Collectively, the presentations represent two distinct challenges: One challenge is defined by the mainstreaming of adaptation considerations into known units of risk-adjusted financial products. Whether it is through strategic leverage or the modification of underwriting criteria, mature financial service delivery models themselves are challenged to advance institutional adaptation that accounts for not only the uncertainty of climate change but also the opportunities. The second challenge and corresponding sub-theme reflects the desire to co-align financial and social capital at local scales that are arguably more appropriate for addressing local vulnerability and local determination as to the forms and timing of future adaptations. Through an exploration of empirical knowledge of ongoing adaptation in agriculture, energy and financial services, this sub-theme offers insight into not only alternative delivery models but a range of alternative criteria for underwriting the “upside” or “returns” of financial investments. Both sub-themes are united in advancing practices that identify trade-offs and substitutes that reflect an accounting of co-benefits or conflicts that may arise from such investments. This panel provided a critical evaluation of the challenges facing urban adaptation finance.

Kweku spoke about the potential of blended financing to address adaptation finance in resource poor context as a contribution to the latter. He presented his research in informal settlements in Ghana and South Africa as examples of self-organizing case studies that can inform bottom-up strategies and policies.

IPCC Cities focused Future Research in Informality

More research is needed to understand informality in the context of climate change given the scale of the issue. The population living in informal settlements was estimated between 881 million and one billion in 2014 (UN-Habitat, 2017b). An important increase of the informal population is foreseen in the coming years given the high rate of informality in Africa and Asia and that 90% of the urban population growth until 2050 is expected to happen in Asia and Africa (UN-DESA, Population Division, 2014)

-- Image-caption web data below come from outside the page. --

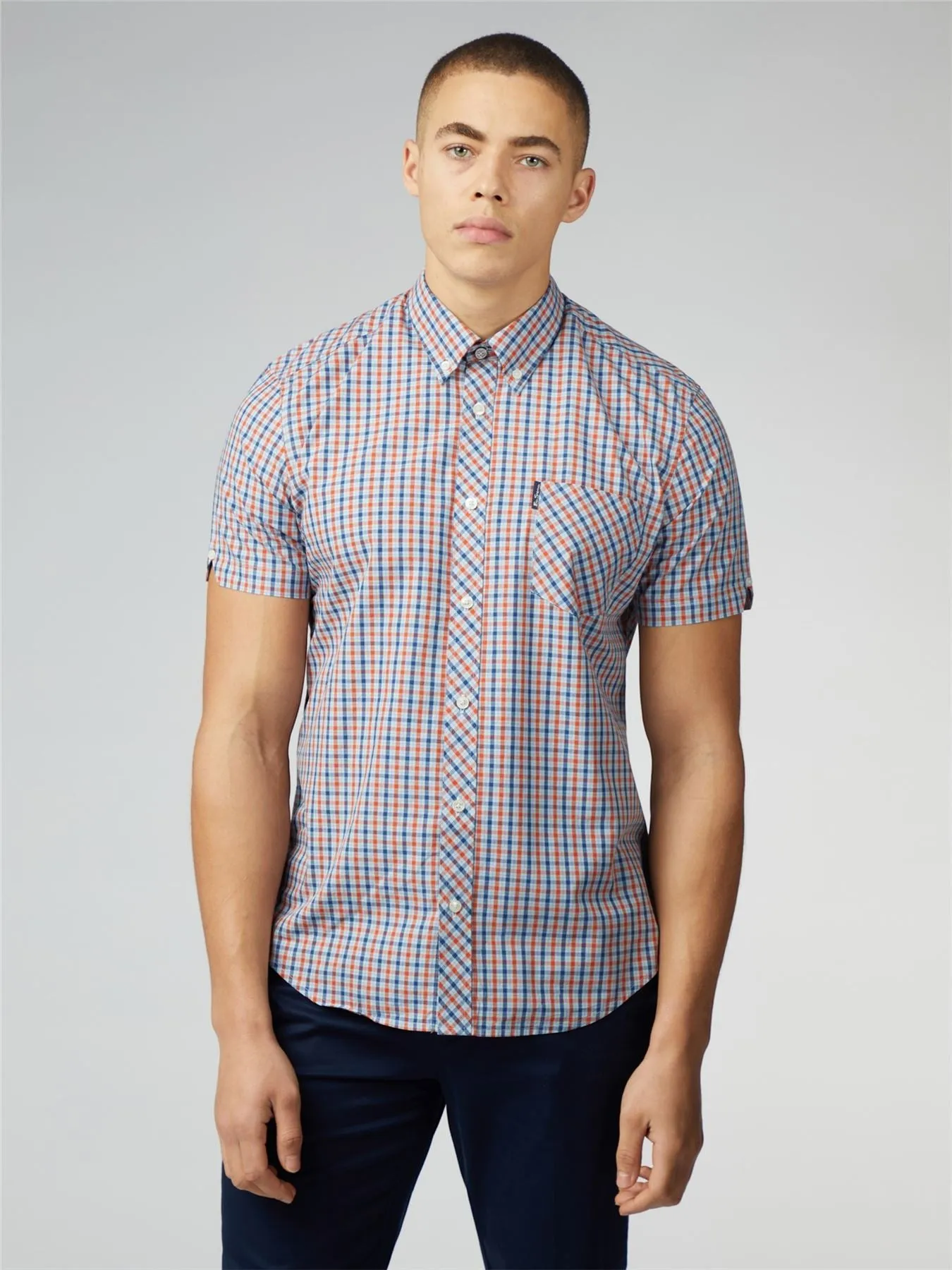 Ben Sherman Signature House Check Short Sleeve Shirt For Mens (0059144) in Pale Blue, 2XL-5XL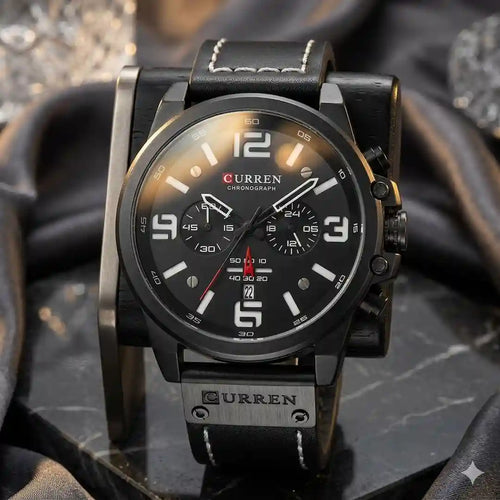 Reloj Curren 8314 Negro Negro cronógrafo presentación de lujo para hombre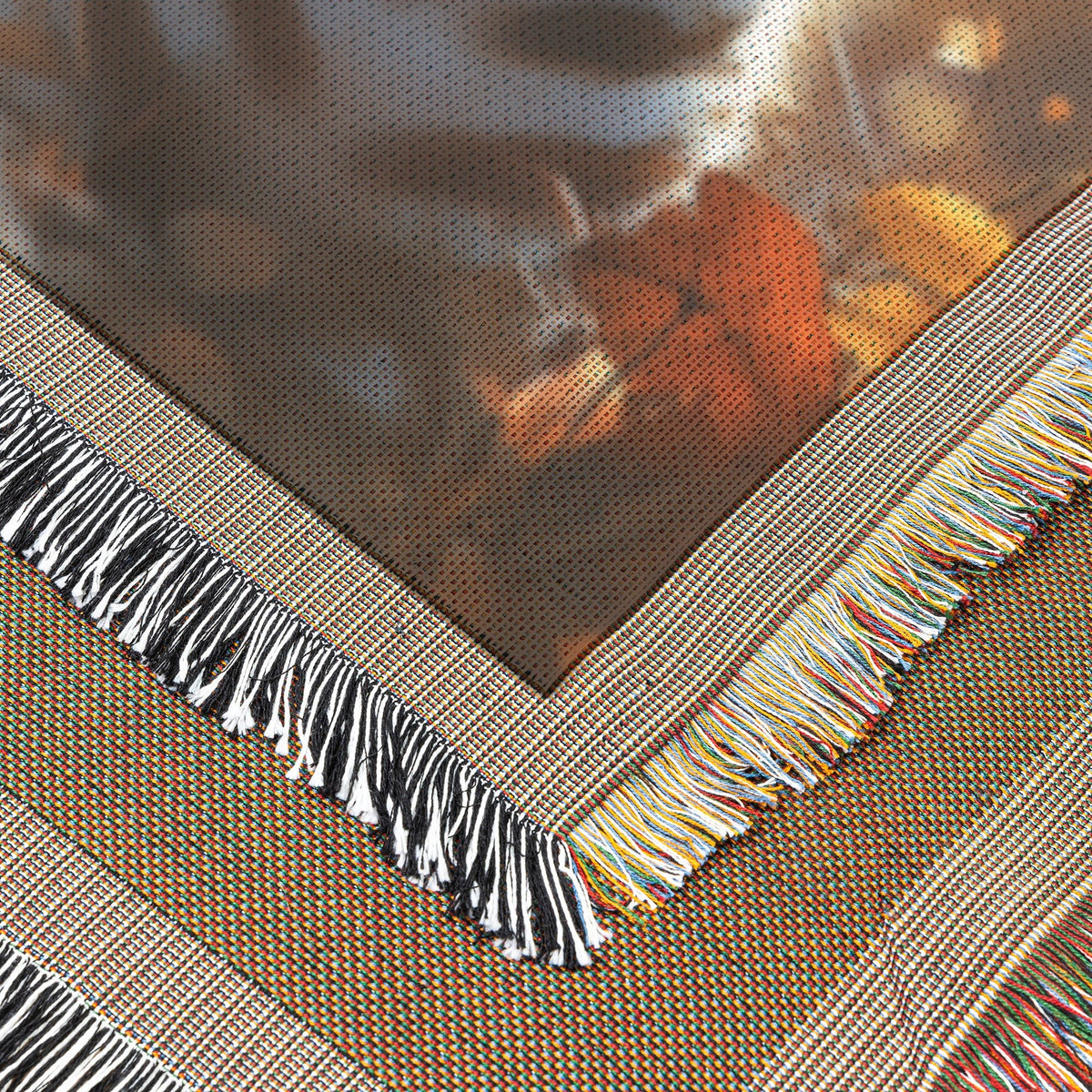 Two Cute Baby Zebras with Blue Eyes in Autumn Forest Cozy Woven Throw Blanket - Awakening Righteousness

The topical research areas were to be focused on evidence-based knowledge that would support practitioners and decision-makers in addressing city-level challenges in the face of climate change. Research is needed both to understand the extent and nature of the challenges posed by, and to provide evidence for policy interventions on informality that simultaneously respond to climate change and vice versa.  Further research could be conducted on the relationship between climate change and the informal economy to better understand how to increase adaptive capacity of informal sectors and how to scale-up low-carbon and climate resilient solutions from and for the informal sector. Other focus areas included Urban Planning and Design, Built and Blue/Green, Infrastructure, Sustainable Consumption and Production, Finance, Uncertainty, Knowledge Co-Design and Co-Production, Empowering Cities to take Action, Fostering Long-Term Science-Policy-Practice Collaborations.